Kulanjan- Taj Mahal and Toumani Diabate

The first metallic, tinkling notes of “Queen Bee” strike the ear as something both completely familiar and completely foreign. And of course that is exactly what the album is. Taj Mahal is the artist who has done the most work to keep the acoustic blues tradition alive. His music can sometimes archetypal, beautiful and great in the flawless execution of that which has been done before. Toumani Diabate is the most famous kora player in the world, son, grandson, great-grandson for many generations, heir to a long tradition of griot musicians.
It is easy to hear why these two musicians decided to work together. In the beginning of “Tunkaranke (The Adventurer),” the guitar and the kora intermingle in a long, slow, loping rhythm, losing each other in the webs of intermingled chords. At times, it is hard to distinguish which instrument is which. The music sways, smoothly, and for a minute, it is like you can feel the revolution and the passing of time and the journey and the spirit that separates and joins the strings together…
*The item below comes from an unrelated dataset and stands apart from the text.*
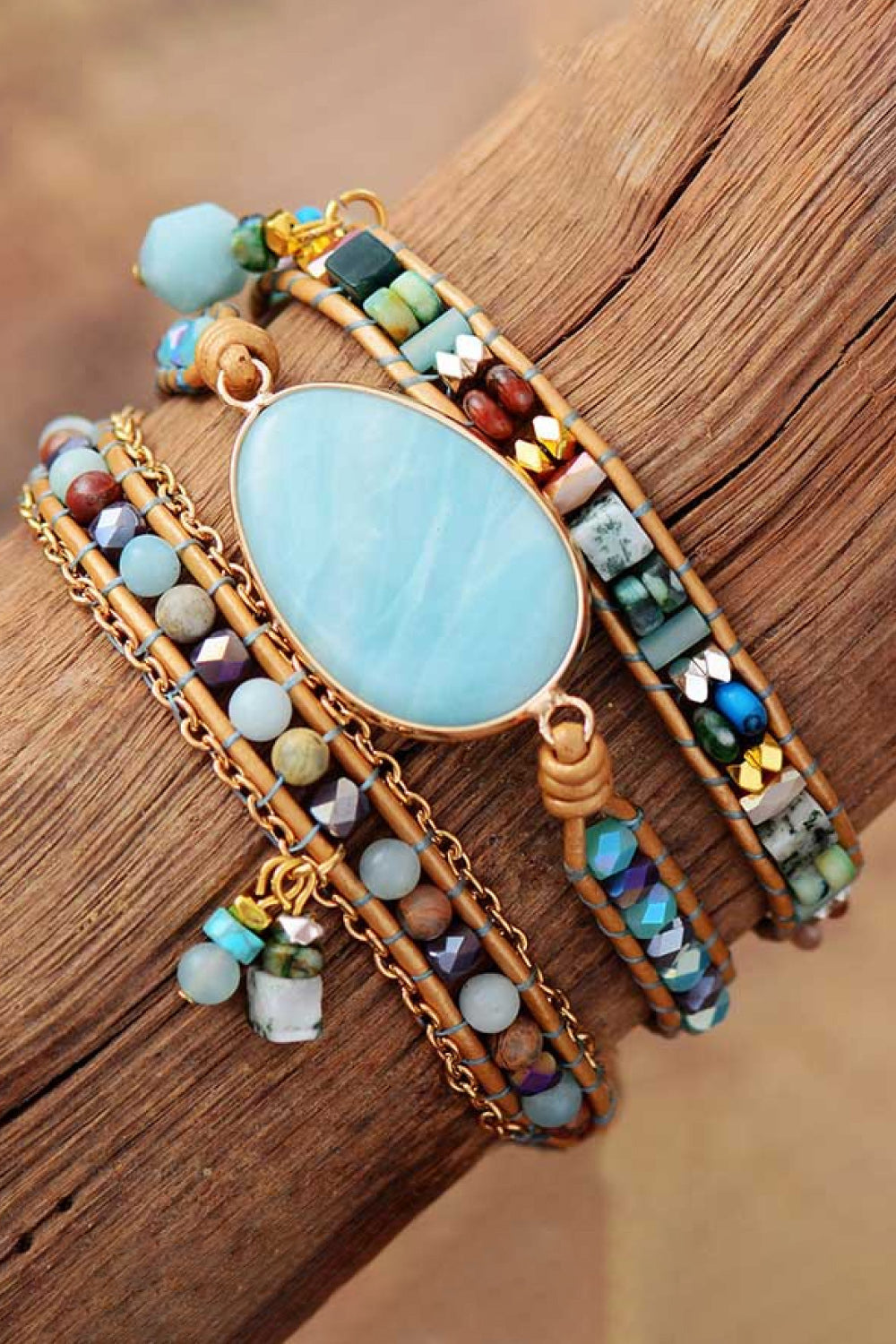 Natural Beaded Bracelet with Crystal & Jade - Triple Layer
Other tracks, like “Mississippi-Mail Blues” start by grounding themselves in familiar folk rhythms and chords, before going on a bewildering cascade of sharp rhythms and pleasant riffs. Really, beyond the symbolism of the Delta Blues combined with the Malian Griot music, this album is special because of the musicianship behind it. The album would not work, as a symbol or otherwise, were it not for the unbelivable chops of Toumani Diabate or the rich texture of Taj Mahal’s guitar and voice. As much as the album is a celebration of great cultures, it is a celebration of great artists. It then is no surprise that the result is great music.